Why blockchain matters to finance
There are two key reasons why blockchain is making such a big impact in the financial industry.
- Publicly Distributed – First, public blockchains are published and copied in numerous places. They’re essentially broadcasted throughout a network of participants, making these transactions relatively accessible to anyone interested in seeking them out. No single computer is in control of the public ledger. It’s shared with identical information across a large computer network.
- Accurate – Second, blockchain maintains an accurate history of transactions. It’s hard to alter, delete, or falsify transaction history since there are multiple copies across the network. Essentially, it’s very secure.
What Changes Does Blockchain Bring?
Finally, let’s address the changes this technology might potentially bring to the table in the next few years. The world of finance has been rapidly changing since the dawn of civilization, so it should come as no surprise that a secure transaction process such as blockchain will make such an impressive impact.
While there is no way to know for certain just what changes we’ll see in the near future, these are our biggest predictions:
- Inexpensive Payment Systems – When businesses or individuals transfer money when sending a payment, this has traditionally been a lengthy process. The funds typically are processed through credit card networks, banks, and other middle-men. The average credit card processing fee is between 2.87% – 4.25% per transaction. With blockchain, we’ll likely see a reduction in the number of processing fees.
- International Money Transfers – Banks are beginning to use blockchain to help consumers and businesses send money internationally. In the past, this process has been costly and complicated, but blockchain enables mobile, fast payments without the high cost.
- Data Management – As more data becomes necessary and available, there will be a greater need for data management and data analytics in finance.
- Smart Contracts – The term smart contracts refers to a way to monitor when a buyer makes a payment or when a seller delivers on his/her end of the deal. These act as a third-party between buyer and seller, and they’re very secure thanks to the blockchain network.

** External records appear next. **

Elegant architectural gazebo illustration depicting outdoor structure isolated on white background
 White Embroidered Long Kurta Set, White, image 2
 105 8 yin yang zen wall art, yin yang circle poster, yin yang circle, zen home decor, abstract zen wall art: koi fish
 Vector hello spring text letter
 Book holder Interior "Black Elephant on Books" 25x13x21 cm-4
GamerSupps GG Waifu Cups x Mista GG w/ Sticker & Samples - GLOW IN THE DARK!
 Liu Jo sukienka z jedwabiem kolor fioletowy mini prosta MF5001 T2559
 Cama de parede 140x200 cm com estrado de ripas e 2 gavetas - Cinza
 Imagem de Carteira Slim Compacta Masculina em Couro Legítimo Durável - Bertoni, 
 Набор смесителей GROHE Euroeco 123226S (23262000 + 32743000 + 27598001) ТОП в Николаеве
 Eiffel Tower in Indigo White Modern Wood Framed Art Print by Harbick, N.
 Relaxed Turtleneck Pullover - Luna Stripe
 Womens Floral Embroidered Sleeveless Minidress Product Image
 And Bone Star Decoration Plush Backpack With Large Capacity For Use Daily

- Reduced Fraud – Since a hacker would have to gain access to hundreds or thousands of computers at the same time, blockchain is highly resistant to hacking and fraud. This will likely lower the cost associated with financial security.
- Digital Assets – Finally, blockchain and the rise of cryptocurrency has introduced a new idea of digital assets being considered property. These virtual coins can act as stock in a company and fund projects and gain financial support.
The Unknown Future of blockchain in finance
Because blockchain is still a relatively new technology, there’s not much that can be said for certain about how this technology will be applied in the future. Banks and financial institutions are beginning to innovate with this new tool, but even that raises new questions.
It’s still unclear how blockchain will affect data privacy, regulations, governing institutions, and other risks. These are all issues that will need to be defined and solved as we continue to see blockchain become a long-term pillar in finance.